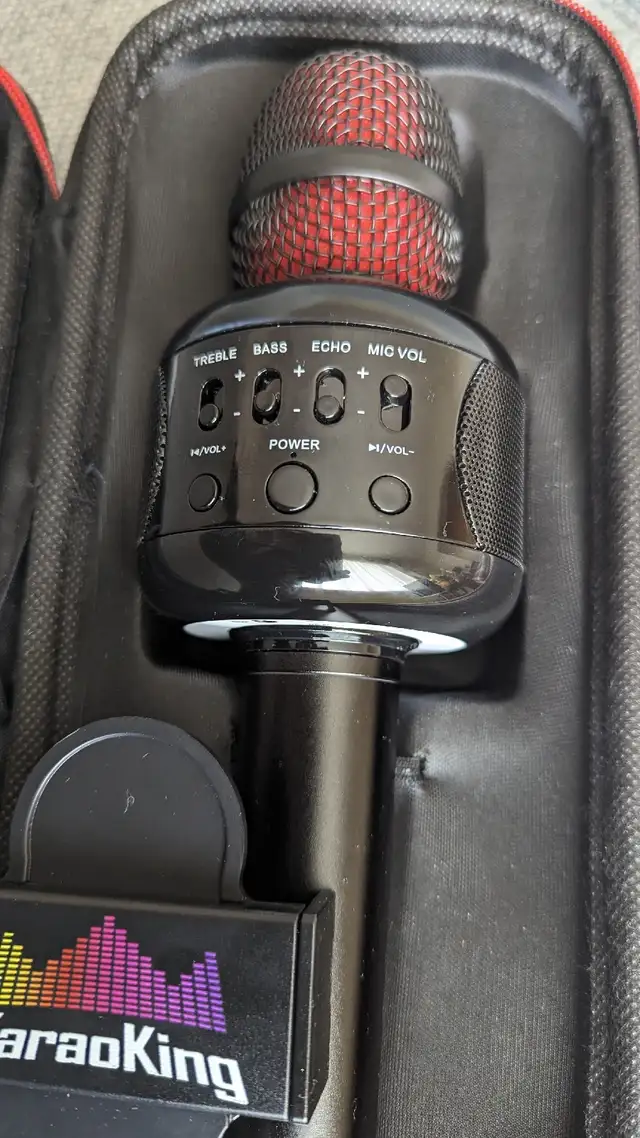 KaraoKing Wireless Karaoke Microphone  in Speakers in Dartmouth - Image 6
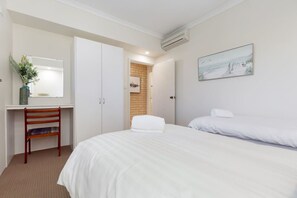 1 soverom, skrivebord, strykejern/-brett og reiseseng for barn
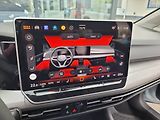 Volkswagen Golf (2025) 1.5 TSI People - náhled 32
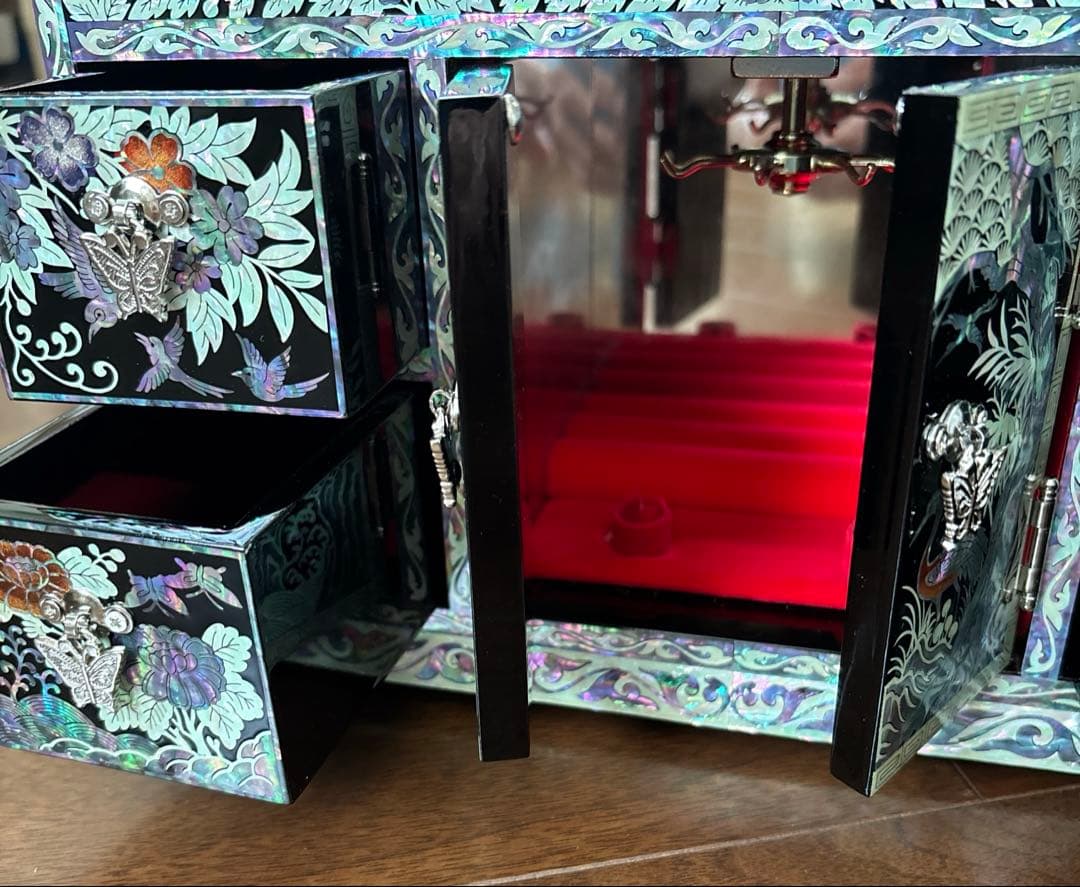 韓国螺鈿　ジュエリーボックス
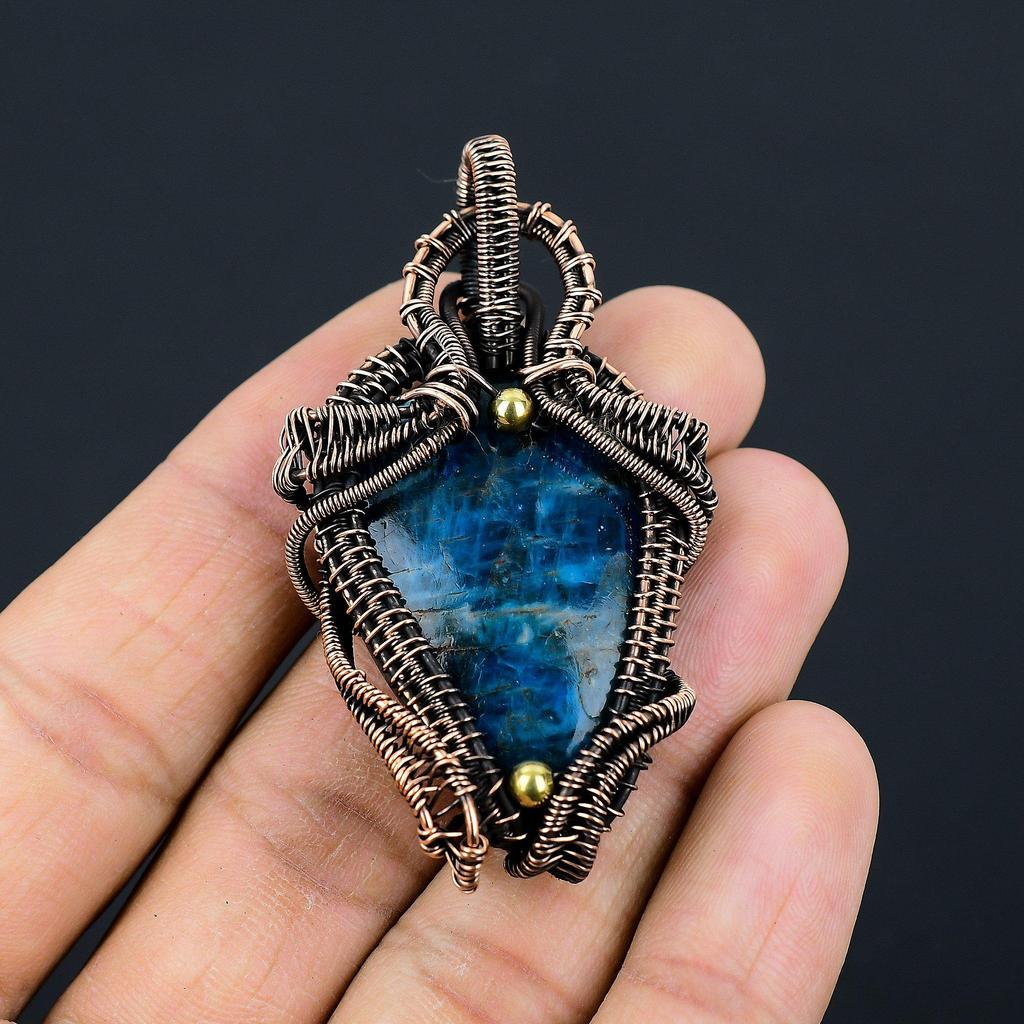 Неоновый синий апатит драгоценный камень медная проволока обертывание ручной работы кулон дизайнер ювелирных изделий подарок для женщины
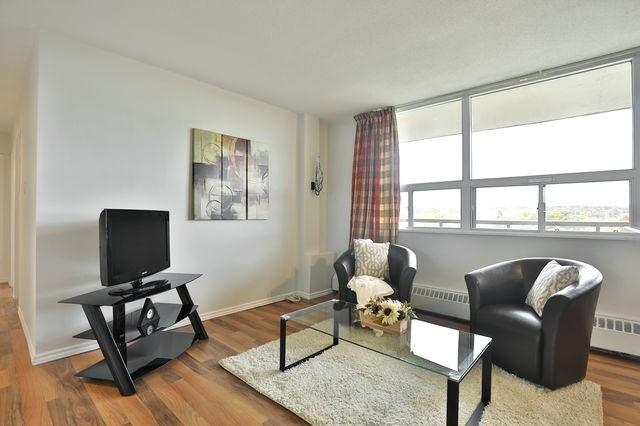 710 - 15 Nicklaus Dr, Condo with 2 bedrooms, 1 bathrooms and 1 parking in Hamilton ON | Image 12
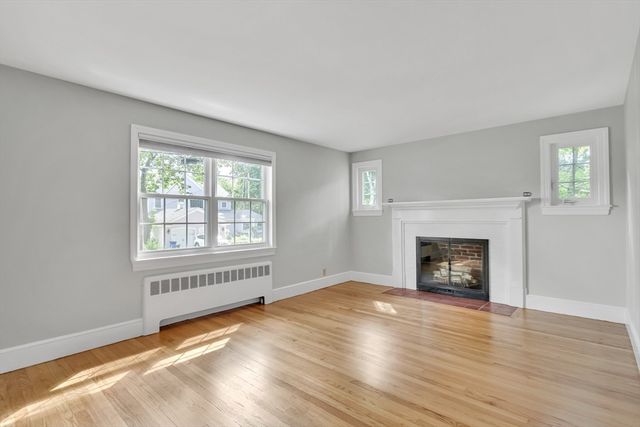 148 Cedar St, Lexington, MA 02421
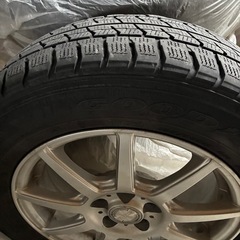 スタッドレスタイヤ　ホイール付きの画像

# About this exercise
Nothing but the lines from the one containing "1 soverom, skrivebord, strykejern/-brett" through the last line of the data should appear in the answer, copied exactly, with pictures excluded.

# Problem solution
 1 soverom, skrivebord, strykejern/-brett og reiseseng for barn
 Volkswagen Golf (2025) 1.5 TSI People - náhled 32
 韓国螺鈿　ジュエリーボックス
 Неоновый синий апатит драгоценный камень медная проволока обертывание ручной работы кулон дизайнер ювелирных изделий подарок для женщины
 710 - 15 Nicklaus Dr, Condo with 2 bedrooms, 1 bathrooms and 1 parking in Hamilton ON | Image 12
 148 Cedar St, Lexington, MA 02421
 スタッドレスタイヤ　ホイール付きの画像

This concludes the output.